The most recent progress report is saved in the database and made available to users as a means
to track the progress of the sync.

When implementing the sync functionality, the importer's ``cancel_sync_repo`` method must be
implemented as well. This call will be made on the same instance performing the sync, therefore
it is valid to use an instance variable as a flag the sync process uses to determine if it should
continue to proceed.

Upload Units
^^^^^^^^^^^^

Method: ``upload_unit``

The Pulp server provides the infrastructure for users to upload units into a repository. It is
the job of the importer to take the steps necessary to:

* Generate and save the inventoried representation of the unit.
* Determine the appropriate relative path at which to store the unit.
* Move the unit from the provided temporary location to the final storage path as provided
  by Pulp.

The conduit provides the ``init_unit`` and ``save_unit`` calls as described in :ref:`importer_sync`.
Refer to that section for more information on usage.

Import Units
^^^^^^^^^^^^

Method: ``import_units``

The Pulp server provides an API for selecting units to copy from one repository to another. The
importer's ``import_units`` method is called on the **destination repository** to handle the
copy.

There are two approaches to handling this method:

* In most cases, the unit can be shared between the two repositories.
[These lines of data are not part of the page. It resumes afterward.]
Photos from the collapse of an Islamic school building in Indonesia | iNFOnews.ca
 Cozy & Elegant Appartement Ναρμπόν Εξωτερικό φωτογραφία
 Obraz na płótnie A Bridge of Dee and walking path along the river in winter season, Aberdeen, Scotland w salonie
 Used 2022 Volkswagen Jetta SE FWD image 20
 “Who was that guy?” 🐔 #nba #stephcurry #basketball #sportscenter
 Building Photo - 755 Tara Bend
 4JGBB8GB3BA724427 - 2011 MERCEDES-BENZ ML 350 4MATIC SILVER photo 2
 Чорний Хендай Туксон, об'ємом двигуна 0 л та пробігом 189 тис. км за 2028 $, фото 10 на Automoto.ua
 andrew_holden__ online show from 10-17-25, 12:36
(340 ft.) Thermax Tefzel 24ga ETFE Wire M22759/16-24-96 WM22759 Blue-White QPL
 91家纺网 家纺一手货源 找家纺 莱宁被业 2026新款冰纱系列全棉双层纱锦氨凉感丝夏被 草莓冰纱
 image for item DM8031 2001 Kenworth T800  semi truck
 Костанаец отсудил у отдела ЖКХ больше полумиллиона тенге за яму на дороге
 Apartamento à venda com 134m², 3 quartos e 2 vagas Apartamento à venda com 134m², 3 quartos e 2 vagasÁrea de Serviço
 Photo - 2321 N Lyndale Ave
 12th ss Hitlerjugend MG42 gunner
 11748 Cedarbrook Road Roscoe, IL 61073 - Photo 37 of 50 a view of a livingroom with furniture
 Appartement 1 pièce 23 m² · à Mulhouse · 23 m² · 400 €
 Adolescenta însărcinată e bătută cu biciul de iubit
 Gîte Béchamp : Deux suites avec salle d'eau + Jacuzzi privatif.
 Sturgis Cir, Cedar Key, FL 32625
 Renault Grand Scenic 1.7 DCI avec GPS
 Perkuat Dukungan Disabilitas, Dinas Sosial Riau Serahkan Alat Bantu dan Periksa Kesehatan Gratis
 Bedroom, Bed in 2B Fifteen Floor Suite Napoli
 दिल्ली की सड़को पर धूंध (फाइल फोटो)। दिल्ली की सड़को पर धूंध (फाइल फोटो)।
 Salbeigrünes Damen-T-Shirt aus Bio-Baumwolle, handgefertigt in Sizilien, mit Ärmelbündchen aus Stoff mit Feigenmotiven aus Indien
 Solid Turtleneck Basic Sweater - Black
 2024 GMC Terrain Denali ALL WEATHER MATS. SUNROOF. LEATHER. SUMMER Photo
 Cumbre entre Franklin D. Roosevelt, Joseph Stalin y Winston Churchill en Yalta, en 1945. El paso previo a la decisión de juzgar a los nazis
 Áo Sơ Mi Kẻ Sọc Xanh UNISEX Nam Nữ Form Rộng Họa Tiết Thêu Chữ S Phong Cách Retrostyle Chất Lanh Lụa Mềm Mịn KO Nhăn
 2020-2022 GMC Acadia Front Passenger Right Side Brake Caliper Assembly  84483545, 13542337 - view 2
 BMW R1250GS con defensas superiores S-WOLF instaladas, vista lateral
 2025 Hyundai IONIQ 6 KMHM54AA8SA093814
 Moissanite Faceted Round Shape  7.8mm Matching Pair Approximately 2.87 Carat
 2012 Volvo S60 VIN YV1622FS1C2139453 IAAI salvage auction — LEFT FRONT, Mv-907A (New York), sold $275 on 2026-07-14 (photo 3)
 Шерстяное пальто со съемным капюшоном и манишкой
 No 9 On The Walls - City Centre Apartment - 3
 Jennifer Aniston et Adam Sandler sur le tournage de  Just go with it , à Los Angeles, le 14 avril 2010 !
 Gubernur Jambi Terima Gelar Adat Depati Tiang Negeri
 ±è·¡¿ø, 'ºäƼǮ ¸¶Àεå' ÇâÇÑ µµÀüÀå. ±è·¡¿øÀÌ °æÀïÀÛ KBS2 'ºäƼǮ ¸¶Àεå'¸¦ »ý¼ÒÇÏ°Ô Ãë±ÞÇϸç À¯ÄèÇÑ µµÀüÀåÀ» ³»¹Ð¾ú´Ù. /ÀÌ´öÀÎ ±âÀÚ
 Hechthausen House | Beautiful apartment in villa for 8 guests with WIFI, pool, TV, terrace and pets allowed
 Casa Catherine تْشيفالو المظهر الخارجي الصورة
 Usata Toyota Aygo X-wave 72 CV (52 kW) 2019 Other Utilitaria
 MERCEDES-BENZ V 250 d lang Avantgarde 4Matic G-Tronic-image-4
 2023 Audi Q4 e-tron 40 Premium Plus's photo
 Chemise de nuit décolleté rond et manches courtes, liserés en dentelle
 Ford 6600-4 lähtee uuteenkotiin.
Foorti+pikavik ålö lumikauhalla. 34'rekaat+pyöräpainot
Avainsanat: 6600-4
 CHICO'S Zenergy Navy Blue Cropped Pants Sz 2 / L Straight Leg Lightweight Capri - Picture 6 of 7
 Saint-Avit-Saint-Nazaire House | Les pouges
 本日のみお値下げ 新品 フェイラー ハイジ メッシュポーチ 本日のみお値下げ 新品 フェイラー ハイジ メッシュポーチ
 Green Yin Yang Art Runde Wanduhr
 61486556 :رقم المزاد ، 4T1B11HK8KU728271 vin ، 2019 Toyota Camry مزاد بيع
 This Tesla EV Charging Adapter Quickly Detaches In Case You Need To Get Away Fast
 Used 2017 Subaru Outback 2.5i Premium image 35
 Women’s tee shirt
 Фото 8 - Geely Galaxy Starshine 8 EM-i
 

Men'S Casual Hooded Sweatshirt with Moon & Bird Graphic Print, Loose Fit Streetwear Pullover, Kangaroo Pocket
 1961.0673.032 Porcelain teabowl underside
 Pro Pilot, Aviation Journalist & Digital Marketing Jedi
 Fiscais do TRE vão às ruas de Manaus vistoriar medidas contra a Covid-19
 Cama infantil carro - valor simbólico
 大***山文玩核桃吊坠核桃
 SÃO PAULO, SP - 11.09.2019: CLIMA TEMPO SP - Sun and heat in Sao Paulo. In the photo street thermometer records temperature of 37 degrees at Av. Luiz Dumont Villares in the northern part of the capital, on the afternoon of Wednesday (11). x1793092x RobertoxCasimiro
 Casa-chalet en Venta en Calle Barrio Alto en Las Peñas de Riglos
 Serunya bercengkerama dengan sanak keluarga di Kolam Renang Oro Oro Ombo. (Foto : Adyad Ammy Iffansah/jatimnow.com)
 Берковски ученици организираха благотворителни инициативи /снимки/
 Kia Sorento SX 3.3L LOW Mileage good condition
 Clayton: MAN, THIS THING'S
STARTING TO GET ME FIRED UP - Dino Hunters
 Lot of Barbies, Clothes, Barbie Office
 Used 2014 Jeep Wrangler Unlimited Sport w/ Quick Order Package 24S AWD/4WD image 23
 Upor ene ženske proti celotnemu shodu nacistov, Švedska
A new association is created
  between the destination repository and the original database representation of the unit. This
  approach is accomplished by simply calling the conduit's ``save_unit`` method for each unit to
  be copied.
* In certain cases, the same unit cannot be safely referenced by both repositories. A new unit
  must be created using the ``init_unit`` method and then saved to the repository with ``save_unit``
  in the same way as in :ref:`importer_sync`.

.. note::
 Take note if which attributes on the unit are required for use when importing.
 It is then possible to specify in the associate
 request's :ref:`unit association criteria <unit_association_criteria>` which fields should
 be loaded, which result in reduced RAM use during the import process,
 especially for units with a lot of metadata.

Remove Units
^^^^^^^^^^^^

Method: ``remove_units``

When a user unassociates units from a repository, the Pulp server will make the necessary database
changes to reflect the change. The ``remove_units`` method is called on the repository's importer
to allow the importer to perform any clean up steps is may need to make, such as removing any
data it may have been storing about the unit from the working directory. In most cases, this method
does not need to be overridden.

.. warning::
 This call should not remove the unit from its final location specified by Pulp. Pulp will handle
 the deletion of the file itself during its orphan clean up process.